Bug 1709365

Summary: Installs failing on latest 4.1 nightly (OCP) builds: controller version mismatch for rendered-master
Product: OpenShift Container Platform Reporter: Mike Fiedler <mifiedle>
Component: ReleaseAssignee: Tim Bielawa <tbielawa>
Status: CLOSED CURRENTRELEASE QA Contact: Mike Fiedler <mifiedle>
Severity: urgent Docs Contact:
Priority: unspecified    
Version: 4.1.0CC: aos-bugs, jforrest, jokerman, lmeyer, miabbott, mmccomas, sjenning, smunilla, sponnaga, vlaad
Target Milestone: ---Keywords: TestBlocker
Target Release: 4.1.0   
Hardware: Unspecified   
OS: Unspecified   
Whiteboard:
Fixed In Version: Doc Type: If docs needed, set a value
Doc Text:
Story Points: ---
Clone Of: Environment:
Last Closed: 2019-05-13 16:39:37 UTC Type: Bug
Regression: --- Mount Type: ---
Documentation: --- CRM:
Verified Versions: Category: ---
oVirt Team: --- RHEL 7.3 requirements from Atomic Host:
Cloudforms Team: --- Target Upstream Version:
Embargoed:

Description Mike Fiedler 2019-05-13 13:07:23 UTC
Description of problem:

Bug 1707928 is back.   Recent builds cannot be installed:

Installing from release registry.svc.ci.openshift.org/ocp/release:4.1.0-0.nightly-2019-05-12-052536
level=warning msg="Found override for ReleaseImage. Please be warned, this is not advised"
level=info msg="Consuming \"Install Config\" from target directory"
level=info msg="Creating infrastructure resources..."
level=info msg="Waiting up to 30m0s for the Kubernetes API at https://api.ci-op-6mgfbn99-0e31a.origin-ci-int-aws.dev.rhcloud.com:6443..."
level=info msg="API v1.13.4+4550bfb up"
level=info msg="Waiting up to 30m0s for bootstrapping to complete..."
level=info msg="Destroying the bootstrap resources..."
level=info msg="Waiting up to 30m0s for the cluster at https://api.ci-op-6mgfbn99-0e31a.origin-ci-int-aws.dev.rhcloud.com:6443 to initialize..."
level=fatal msg="failed to initialize the cluster: Cluster operator machine-config is reporting a failure: Failed to resync 4.1.0-0.nightly-2019-05-12-052536 because: timed out waiting for the condition during syncRequiredMachineConfigPools: pool master has not progressed to latest configuration: controller version mismatch for rendered-master-a4054f8d7960c6d88ddefe0f9076b34f expected 9fe5968317159f7f7b74fc4fcfdd76225fafee84 has 3f44c0bb795c6005deeab3fb681f488e6bfbbf10, retrying: timed out waiting for the condition"

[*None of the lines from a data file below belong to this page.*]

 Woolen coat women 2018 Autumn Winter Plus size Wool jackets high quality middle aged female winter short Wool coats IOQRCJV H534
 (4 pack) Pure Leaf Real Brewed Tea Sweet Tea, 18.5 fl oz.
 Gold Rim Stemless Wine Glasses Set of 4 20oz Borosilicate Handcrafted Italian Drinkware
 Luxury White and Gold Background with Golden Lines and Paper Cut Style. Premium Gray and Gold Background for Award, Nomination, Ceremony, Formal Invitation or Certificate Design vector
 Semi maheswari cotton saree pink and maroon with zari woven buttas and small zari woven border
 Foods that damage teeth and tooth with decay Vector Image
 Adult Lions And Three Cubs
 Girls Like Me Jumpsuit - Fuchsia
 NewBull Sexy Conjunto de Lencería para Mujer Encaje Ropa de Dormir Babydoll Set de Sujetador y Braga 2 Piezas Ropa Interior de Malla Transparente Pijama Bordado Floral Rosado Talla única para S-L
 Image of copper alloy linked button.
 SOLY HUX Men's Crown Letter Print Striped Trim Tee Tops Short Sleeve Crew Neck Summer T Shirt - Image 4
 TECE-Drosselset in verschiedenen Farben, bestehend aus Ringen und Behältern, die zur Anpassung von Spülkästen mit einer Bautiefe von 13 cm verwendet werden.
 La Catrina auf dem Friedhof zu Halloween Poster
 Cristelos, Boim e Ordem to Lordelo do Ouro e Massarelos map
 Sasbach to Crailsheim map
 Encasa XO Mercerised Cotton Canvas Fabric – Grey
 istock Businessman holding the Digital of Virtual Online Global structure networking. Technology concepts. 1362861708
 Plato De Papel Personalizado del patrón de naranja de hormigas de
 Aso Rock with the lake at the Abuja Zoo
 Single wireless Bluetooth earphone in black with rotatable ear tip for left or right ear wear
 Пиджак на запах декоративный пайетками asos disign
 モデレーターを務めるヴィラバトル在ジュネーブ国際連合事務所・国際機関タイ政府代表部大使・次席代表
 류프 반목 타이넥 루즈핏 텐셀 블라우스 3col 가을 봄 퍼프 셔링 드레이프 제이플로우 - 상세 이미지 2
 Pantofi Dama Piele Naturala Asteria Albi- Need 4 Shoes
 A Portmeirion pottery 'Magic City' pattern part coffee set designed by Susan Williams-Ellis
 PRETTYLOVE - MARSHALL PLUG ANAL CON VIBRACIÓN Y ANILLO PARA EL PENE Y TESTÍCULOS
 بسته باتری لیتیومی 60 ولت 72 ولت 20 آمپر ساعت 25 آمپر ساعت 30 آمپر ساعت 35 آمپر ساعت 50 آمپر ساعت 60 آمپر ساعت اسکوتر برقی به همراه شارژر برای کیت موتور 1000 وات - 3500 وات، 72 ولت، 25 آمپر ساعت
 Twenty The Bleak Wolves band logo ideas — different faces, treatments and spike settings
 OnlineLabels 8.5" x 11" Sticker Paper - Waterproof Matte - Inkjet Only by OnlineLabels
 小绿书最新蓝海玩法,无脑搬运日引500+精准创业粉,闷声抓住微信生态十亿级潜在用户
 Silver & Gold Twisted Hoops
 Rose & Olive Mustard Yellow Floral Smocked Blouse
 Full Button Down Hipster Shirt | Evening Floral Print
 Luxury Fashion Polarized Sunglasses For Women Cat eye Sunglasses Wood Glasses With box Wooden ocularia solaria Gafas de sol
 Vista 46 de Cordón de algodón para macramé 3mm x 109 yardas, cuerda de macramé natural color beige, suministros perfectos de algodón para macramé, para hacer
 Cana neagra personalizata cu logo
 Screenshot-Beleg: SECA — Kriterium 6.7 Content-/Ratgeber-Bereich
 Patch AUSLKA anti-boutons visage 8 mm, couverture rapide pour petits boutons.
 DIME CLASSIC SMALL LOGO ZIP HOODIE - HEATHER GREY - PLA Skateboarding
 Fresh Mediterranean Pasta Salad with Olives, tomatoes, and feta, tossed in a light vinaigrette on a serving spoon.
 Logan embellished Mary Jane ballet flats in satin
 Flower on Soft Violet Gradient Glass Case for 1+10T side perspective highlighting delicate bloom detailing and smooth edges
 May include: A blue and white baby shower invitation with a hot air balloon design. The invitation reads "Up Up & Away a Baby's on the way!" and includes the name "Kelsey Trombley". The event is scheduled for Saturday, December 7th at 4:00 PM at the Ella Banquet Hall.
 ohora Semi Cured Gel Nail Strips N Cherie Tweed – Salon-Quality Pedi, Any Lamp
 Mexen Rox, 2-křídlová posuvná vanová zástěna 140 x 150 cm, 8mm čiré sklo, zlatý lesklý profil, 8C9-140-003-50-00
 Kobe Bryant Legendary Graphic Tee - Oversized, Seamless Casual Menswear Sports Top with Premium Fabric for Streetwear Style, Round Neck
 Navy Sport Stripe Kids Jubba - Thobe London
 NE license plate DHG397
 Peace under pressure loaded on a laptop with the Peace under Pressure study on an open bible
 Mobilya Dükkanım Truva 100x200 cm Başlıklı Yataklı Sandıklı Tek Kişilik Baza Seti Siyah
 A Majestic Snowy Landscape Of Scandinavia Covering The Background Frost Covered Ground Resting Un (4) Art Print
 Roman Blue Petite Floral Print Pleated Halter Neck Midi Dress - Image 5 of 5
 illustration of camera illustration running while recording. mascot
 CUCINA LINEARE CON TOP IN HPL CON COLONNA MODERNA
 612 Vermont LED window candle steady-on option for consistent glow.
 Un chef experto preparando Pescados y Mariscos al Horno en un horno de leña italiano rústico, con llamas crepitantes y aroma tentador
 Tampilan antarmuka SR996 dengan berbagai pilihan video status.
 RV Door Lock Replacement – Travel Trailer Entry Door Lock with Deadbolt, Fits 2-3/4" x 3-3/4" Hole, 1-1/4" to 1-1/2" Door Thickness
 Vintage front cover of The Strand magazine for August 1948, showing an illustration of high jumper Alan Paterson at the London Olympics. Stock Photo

Version-Release number of selected component (if applicable): 

4.1.0-0.nightly-2019-05-10-223550 and newer


How reproducible: Always

https://openshift-gce-devel.appspot.com/build/origin-ci-test/logs/release-openshift-ocp-installer-e2e-aws-4.1/198

Comment 2 Luke Meyer 2019-05-14 21:10:29 UTC
https://github.com/openshift/machine-config-operator/pull/743 was to address this issue. This was not really a duplicate. Related things were built from the same commits; but then those were copied into different dist-gits, and the build code was looking at the local git repo and not the source repo. It was solved by having the build code look at env vars indicating the real source commit.